Abstract

Obesity is a rapidly growing global threat against public health. The World Health Organisation (WHO) has defined obesity as a condition with excessive fat accumulation in the body. Increasing adipose tissue relates in adipokines secretion and involves in development of metabolic complications. However, regulation of adipocyte differentiation and adipokines secretion still need further clarified. O-linked N acetyl-glucosamine (O-GlcNAc) modification has been implicated in regulation of signaling pathway, cell function, cell cycle and gene expression in several cell types. Hexosamine biosynthetic pathway (HBP) generates the sugar nucleotide UDP-GlcNAc, which is the donor for O-GlcNAc modification of nucleocytoplasmic proteins. When the GFAT-1 (rate limiting enzyme of HBP) was overexpressed in mice, the mice developed fat cell hypertrophy and excess weight.

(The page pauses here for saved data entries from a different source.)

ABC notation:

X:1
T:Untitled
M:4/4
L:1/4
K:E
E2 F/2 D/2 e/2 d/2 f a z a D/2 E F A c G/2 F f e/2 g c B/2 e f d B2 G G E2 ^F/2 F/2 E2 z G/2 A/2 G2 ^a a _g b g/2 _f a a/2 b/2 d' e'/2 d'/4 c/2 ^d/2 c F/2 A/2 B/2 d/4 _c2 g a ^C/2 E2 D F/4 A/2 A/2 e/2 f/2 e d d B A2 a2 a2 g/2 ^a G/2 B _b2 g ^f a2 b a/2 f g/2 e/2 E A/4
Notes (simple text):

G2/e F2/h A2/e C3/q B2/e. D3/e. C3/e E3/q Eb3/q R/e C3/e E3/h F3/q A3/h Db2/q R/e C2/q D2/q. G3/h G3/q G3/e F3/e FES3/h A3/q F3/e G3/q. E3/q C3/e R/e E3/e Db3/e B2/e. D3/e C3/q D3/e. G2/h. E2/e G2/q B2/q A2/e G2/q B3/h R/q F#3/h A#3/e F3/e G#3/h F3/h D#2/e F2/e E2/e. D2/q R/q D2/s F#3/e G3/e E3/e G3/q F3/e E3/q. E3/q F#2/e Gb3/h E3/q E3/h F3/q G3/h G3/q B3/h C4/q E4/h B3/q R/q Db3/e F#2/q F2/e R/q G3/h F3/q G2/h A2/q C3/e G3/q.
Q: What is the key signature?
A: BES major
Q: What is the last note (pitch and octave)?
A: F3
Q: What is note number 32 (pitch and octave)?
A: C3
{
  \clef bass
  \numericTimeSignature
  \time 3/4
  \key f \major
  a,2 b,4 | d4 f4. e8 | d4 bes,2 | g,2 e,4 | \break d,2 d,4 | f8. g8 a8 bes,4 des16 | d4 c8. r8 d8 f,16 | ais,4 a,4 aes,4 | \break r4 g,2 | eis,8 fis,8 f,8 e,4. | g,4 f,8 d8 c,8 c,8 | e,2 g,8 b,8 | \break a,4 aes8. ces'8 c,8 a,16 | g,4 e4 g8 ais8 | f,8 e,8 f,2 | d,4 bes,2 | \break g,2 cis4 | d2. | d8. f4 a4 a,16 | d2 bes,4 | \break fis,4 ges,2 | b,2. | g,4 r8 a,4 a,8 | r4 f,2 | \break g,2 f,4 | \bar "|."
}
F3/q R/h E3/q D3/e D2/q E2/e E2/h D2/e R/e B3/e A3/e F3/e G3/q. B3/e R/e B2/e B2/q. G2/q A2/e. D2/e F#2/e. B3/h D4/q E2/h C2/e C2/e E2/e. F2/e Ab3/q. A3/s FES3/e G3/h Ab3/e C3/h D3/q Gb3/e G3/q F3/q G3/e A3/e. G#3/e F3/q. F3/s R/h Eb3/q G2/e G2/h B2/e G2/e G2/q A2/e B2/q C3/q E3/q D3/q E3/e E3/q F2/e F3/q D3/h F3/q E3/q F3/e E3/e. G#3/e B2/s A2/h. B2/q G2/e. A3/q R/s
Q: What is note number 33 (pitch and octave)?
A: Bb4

The aim of this study is to investigate the pathophysiological role of HBP and protein O-GlcNAc modification on adipocyte by observing the expression of genes involving in early stage of differentiation and adipokines affecting late stage complications. Our results demonstrate that the O-GlcNAc modified proteins are increased in the process of 3T3-L1 preadipocyte differentiation since very early stage after induction. Genes involve in early stage of differentiation such as SREBP-1c, PPAR-γ, C/EBP-α, C/EBP-β, and C/EBP-δ are upregulated. Adiponectin, visfatin, apelin, retinol-binding protein-4 and angiotensinogen mRNAs are increased in mature adipocytes. However, blocking HBP by AZA or DON can decrease the end product of HBP—O-GlcNAc modification and prevents the differentiation of 3T3-L1 cells. Decreasing HBP activity also diminishes gene expressions which are necessary for adipocyte differentiation in early stage and prevents mRNA overexpression of above adipokines. The results suggest that HBP activation and change of protein O-GlcNAc modification maybe a novel pathway mediating differentiation and adipokine expression in adipocytes.